Blows my mind that there are “conservatives” who don’t see a significant problem with the summary deplatforming of guys like @PrisonPlanet. You fools will be whining up a storm when they come for you, which they will.— Matt Walsh (@MattWalshBlog) May 3, 2019
President Donald Trump took note of Facebook's recent wave of permanent bans, retweeting several of Watson's tweets about his banishment from Facebook.
At one point, the president tweeted out a link to a Breitbart article, commenting, "So surprised to see conservative thinkers like James Woods banned from Twitter, and Paul Watson banned from Facebook!"
So surprised to see Conservative thinkers like James Woods banned from Twitter, and Paul Watson banned from Facebook! https://t.co/eHX3Z5CMXb— Donald J. Trump (@realDonaldTrump) May 3, 2019
Conservative actor James Woods' Twitter account recently got suspended for more than a week after he sent a tweet about the Mueller report that Twitter interpreted as a call for violence.
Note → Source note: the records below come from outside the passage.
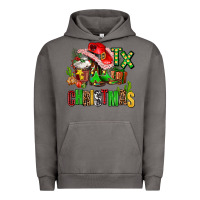 Pigment Tornado tx christmas cowgirl Urban Hoodie - AdoDesignShop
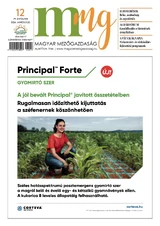 Magyar Mezőgazdaság: 2024/12.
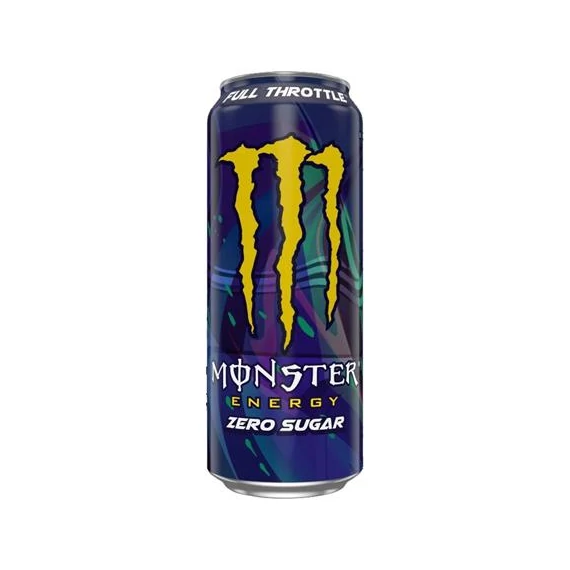 Energiaital, 500 ml, MONSTER 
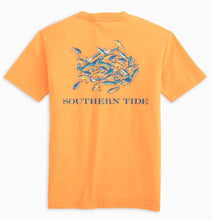 Load image into Gallery viewer, Horizon Youth Net &amp; Lure Skipjack Fill T-Shirt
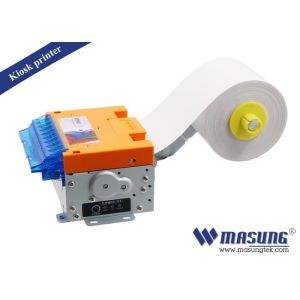 All In One Structure Pos Thermal Label Printer 3 Inch With Free SDK / Driver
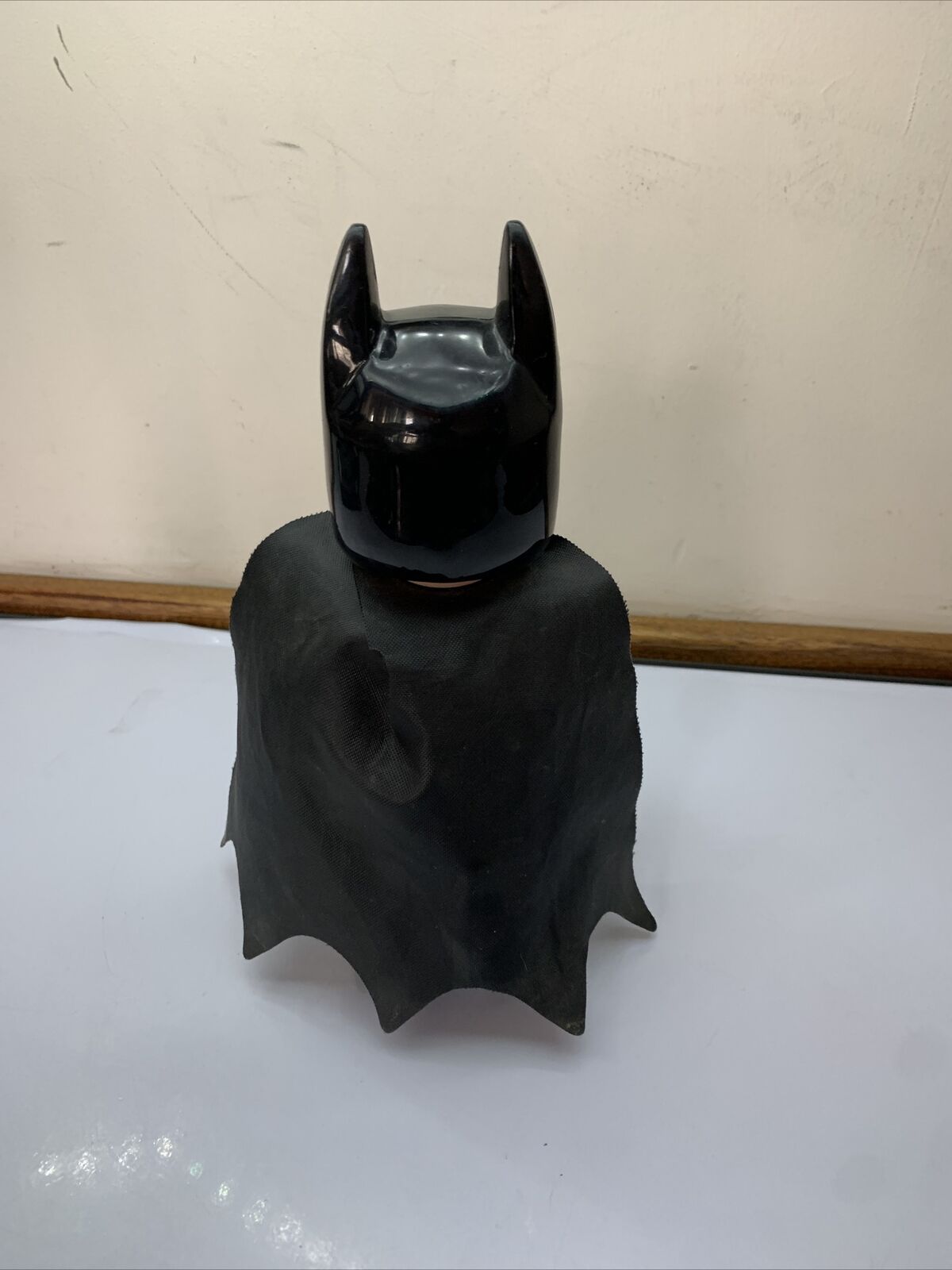 Lego Batman 10" Alarm Clock DC Comics Super Heroes Digital Display 9009327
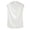 White, variant on Glisme Tank Tops For Women Turtleneck Sleeveless Cotton Solid Casual Loose Tunic Top Tee Shirt Tank Leisure White Tee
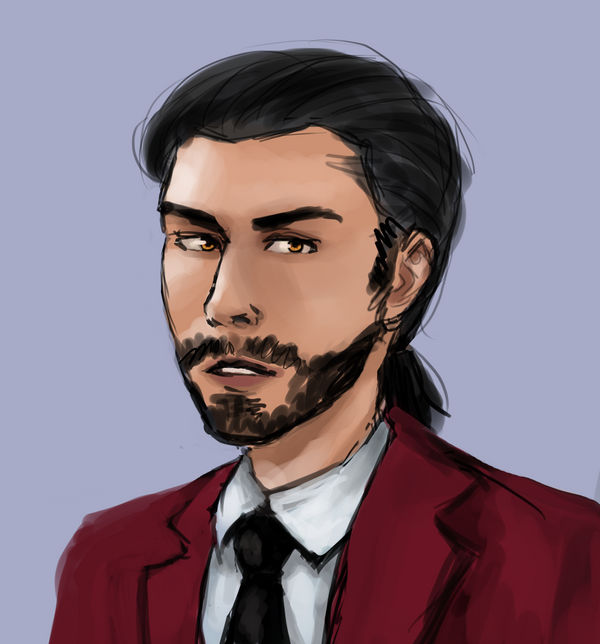 Henry Profile Deviantart Henry by hpatps1 on DeviantArt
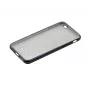 Cover Tellur iPhone 7 TLL118631 nero trasparente 11,9 cm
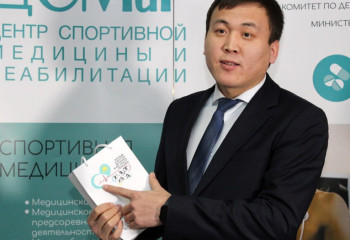 Спорттық медицинаның маңызы қандай? Оңалту орталығының басшысы пікір білдірді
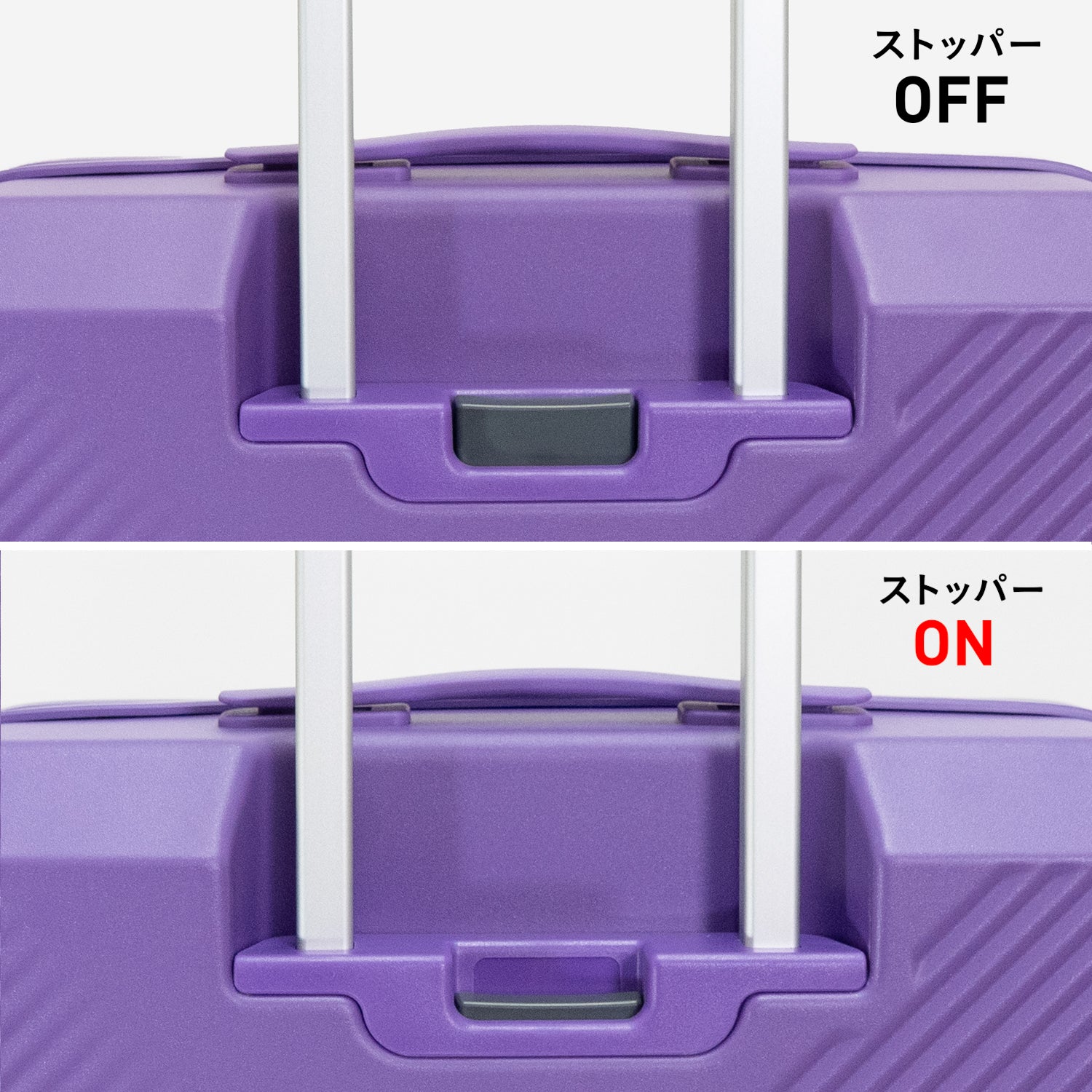 Brush 北海道カラーパレットスーツケースLTD2 MIDDLE_No.5803377 – ACE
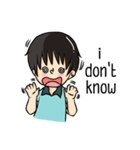 Mr.Sibsen ( Eng ver. )（個別スタンプ：17）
That tweet, which allegedly violated Twitter's rule against "abusive behavior," said, "If you try to kill the King, you better not miss. #HangThemAll."
Woods was apparently imitating a quote from Ralph Waldo Emerson that reads, "When you strike at a king, you must kill him."
Complaining about the influence that social media giants have on public discourse, Watson said in a YouTube video, "A handful of giant corporations have seized control of the new public square, and are digitally 'disappearing' dissidents."
Watson also said in the May 4 video, "Here's what needs to happen: platform access should be a civil right for all citizens in all countries. We need a digital bill of rights."
In online discussion, some have postulated that Watson's ties to Infowars played a role in Facebook's decision to boot him from the platform. For instance, CNN reporter Oliver Darcy tweeted, "The president of the United States is spending his morning retweeting InfoWars personality Paul Joseph Watson — someone who has built a career pushing conspiracy theories about things like Seth Rich, 9/11, chemtrails, etc."
Watson replied in a retweet, "This is manifestly false. Ten years ago I had some silly beliefs. I didn't 'build a career' on them. I built a career calling out liars like you who work for CNN."